My overall impressions of this activity are resoundingly positive and engaging for students, giving them a chance to practice many important learning outcomes. As stated above, this developed over multiple semesters of adapting the Question Paper assignment, but this semester in our remote learning situation, I decided to redesign the assignment multi-modally. My main purpose in doing this was to integrate the Question Clouds into a larger, semester-long research and writing-heavy project based on other IRW principles and activities, in particular the KWL+ model applied to research. The Question Cloud project fits into the K-W process, where students reflect on what they know about a topic or issue, then based on consciously and deeply exploring their curiosity in the Question Cloud project, create multiple questions to drive their own research process. 

Through the peer review process that students’ underwent with their Clouds, as well as student reflection and in-class sharing, I received overwhelmingly positive, enthusiastic feedback. Overall, it was rewarding for me to see students’ work and visual thought processes (examples below). For example, one student wrote in their weekly journal, 

“​​My major takeaways from last week is that deep questions play an important part in literature. They spark conversation, new perspectives, ideas, etc. An interesting concept I learned were the question clouds. It was a good exercise because it got me thinking about how deep my questions can go and looking at other classmates’ clouds made me reflect on their topics….Some feedback I received is that I need to create a separate cloud for one of my questions because it’s a whole other conversation. I do admit it’s a little difficult for me to decide whether a question is relevant or not to my topic, so I’ll be more mindful next time.”

This student shows a development of an inquiry mindset; an invention process where she is beginning to differentiate topics and categories which she can use to structure her paper in her pre-writing process, or even decide if a topic/category is relevant; and displays a sustained commitment to the feedback culture of the class, and how the Question Cloud fit seamlessly into the weekly writing cycles we had established with each other.  

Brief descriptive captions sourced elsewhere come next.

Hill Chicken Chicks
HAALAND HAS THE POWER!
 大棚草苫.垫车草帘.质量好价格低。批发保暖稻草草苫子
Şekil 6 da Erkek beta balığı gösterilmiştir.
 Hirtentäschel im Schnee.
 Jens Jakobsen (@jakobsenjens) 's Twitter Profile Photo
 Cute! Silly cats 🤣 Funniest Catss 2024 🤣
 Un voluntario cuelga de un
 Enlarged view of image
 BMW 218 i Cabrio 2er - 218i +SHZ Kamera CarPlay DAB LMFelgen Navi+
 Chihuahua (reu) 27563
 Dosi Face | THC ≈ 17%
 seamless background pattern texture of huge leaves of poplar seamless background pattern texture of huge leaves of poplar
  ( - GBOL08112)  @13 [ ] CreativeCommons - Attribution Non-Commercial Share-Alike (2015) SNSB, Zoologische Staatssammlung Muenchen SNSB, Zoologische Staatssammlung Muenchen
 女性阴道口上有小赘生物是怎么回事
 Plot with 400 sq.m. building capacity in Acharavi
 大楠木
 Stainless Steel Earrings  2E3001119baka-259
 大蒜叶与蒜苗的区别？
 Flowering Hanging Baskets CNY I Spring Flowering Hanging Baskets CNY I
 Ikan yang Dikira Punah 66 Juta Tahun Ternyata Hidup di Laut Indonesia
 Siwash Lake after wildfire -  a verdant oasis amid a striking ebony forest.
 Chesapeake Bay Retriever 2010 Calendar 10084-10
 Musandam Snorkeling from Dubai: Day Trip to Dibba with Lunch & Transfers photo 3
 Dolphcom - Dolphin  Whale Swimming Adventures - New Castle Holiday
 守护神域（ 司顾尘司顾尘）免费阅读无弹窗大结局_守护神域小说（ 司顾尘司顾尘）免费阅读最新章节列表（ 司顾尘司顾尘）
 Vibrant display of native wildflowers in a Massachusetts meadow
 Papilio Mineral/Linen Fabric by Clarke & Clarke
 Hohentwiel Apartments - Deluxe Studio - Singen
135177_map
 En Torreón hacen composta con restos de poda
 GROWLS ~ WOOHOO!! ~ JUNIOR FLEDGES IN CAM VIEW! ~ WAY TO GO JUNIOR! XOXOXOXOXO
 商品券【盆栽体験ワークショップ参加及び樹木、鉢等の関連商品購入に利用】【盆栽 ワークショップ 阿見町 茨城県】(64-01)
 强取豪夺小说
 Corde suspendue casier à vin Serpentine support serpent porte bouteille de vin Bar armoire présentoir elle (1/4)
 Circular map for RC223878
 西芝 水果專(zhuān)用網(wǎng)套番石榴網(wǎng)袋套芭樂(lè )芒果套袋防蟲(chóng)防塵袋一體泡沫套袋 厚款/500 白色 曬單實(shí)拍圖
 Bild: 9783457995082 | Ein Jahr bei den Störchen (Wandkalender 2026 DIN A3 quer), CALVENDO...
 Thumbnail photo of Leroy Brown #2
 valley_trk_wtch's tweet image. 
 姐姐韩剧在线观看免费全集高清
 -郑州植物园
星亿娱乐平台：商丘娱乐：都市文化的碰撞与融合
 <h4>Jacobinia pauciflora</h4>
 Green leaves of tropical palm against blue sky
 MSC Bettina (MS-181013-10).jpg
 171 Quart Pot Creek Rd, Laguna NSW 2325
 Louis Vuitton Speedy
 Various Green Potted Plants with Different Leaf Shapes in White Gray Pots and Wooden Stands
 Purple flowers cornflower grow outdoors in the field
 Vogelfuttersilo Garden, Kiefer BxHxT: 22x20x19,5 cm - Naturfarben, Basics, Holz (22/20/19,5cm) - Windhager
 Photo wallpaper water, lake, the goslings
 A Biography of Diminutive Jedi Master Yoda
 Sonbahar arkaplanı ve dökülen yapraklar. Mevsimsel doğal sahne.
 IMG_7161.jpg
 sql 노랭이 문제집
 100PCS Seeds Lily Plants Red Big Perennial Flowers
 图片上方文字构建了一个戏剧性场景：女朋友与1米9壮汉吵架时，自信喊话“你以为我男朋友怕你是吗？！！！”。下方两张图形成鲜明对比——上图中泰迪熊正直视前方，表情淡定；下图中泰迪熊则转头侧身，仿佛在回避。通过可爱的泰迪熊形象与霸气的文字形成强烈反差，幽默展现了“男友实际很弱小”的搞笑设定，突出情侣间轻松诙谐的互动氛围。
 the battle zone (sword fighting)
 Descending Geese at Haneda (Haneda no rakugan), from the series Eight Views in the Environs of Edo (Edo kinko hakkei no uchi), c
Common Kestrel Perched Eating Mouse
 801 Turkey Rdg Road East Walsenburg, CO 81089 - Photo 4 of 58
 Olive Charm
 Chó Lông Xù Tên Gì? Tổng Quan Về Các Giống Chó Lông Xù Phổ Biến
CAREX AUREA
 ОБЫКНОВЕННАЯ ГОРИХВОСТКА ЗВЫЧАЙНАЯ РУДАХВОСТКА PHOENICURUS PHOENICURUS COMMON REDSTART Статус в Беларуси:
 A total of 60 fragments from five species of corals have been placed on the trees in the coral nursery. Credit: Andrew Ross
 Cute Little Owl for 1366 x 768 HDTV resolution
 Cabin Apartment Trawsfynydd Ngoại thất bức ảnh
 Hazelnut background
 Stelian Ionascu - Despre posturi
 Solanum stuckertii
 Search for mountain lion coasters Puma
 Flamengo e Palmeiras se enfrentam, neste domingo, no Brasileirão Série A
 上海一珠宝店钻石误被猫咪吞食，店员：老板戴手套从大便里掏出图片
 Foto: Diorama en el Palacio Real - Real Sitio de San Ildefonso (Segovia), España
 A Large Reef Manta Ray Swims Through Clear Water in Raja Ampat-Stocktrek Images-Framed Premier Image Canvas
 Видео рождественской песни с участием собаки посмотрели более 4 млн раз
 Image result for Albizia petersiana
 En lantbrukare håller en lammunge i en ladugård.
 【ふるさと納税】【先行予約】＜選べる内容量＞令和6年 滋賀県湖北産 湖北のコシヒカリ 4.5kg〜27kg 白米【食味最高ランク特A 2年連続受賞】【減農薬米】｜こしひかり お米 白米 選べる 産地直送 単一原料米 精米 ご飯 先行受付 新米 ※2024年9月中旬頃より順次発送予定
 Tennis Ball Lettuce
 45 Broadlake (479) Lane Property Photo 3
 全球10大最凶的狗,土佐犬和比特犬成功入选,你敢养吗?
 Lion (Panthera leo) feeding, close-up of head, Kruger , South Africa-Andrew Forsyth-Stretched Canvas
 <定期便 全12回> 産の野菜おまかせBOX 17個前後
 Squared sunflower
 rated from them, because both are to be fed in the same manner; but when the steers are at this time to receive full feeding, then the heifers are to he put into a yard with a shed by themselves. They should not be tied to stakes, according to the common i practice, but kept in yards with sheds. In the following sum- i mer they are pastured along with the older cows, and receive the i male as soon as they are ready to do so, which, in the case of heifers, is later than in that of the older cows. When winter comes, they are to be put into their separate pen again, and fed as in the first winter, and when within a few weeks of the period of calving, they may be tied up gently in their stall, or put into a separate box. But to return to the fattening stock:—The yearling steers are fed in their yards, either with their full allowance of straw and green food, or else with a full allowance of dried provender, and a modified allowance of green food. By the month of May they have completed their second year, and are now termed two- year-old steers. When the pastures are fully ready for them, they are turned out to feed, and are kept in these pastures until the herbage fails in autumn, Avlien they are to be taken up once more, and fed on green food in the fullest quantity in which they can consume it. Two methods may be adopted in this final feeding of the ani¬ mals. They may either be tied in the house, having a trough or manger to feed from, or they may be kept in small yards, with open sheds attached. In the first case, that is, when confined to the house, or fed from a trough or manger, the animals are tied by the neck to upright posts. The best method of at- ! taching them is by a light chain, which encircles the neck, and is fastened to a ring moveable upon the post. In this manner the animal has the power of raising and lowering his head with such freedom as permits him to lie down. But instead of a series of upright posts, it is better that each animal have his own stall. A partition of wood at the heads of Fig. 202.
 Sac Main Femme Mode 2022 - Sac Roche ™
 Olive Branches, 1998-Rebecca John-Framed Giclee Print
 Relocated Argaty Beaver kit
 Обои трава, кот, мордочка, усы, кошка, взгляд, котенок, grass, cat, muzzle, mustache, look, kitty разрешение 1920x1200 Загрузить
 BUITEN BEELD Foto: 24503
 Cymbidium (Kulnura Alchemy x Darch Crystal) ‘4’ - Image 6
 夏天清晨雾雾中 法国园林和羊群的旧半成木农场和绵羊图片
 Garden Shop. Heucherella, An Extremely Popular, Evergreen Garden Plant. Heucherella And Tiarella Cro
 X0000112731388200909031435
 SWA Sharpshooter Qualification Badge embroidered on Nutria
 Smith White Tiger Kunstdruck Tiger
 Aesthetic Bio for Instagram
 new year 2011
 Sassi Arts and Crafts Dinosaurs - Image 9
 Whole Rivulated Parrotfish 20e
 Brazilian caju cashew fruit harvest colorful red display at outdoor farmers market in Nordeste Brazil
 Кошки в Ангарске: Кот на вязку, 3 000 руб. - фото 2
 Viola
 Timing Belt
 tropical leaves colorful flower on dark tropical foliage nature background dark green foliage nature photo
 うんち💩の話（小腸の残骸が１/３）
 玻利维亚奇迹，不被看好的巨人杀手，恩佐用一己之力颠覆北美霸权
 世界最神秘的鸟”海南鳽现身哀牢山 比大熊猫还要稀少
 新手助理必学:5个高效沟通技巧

Last, I will say that this activity is fun! I encourage students to draw as large as they want, put larger clouds around their favorite or most important questions, and be as colorful as they desire in their drawings, especially if using the colors in purposeful ways (but they don’t have to). Further, this basic, but fun and creative scaffolding approach to writing and research processes enables students to see how they can use different visual brainstorming methods in various learning situations throughout their college careers and lives.   

Accommodations: 

Any accommodations for hearing or watching the video, as well as writing/drawing the Question Cloud on paper or virtually, should be made with your institution’s Disabilities Resource Center. All students, including those with mild learning differences, really enjoyed this visual brainstorming activity.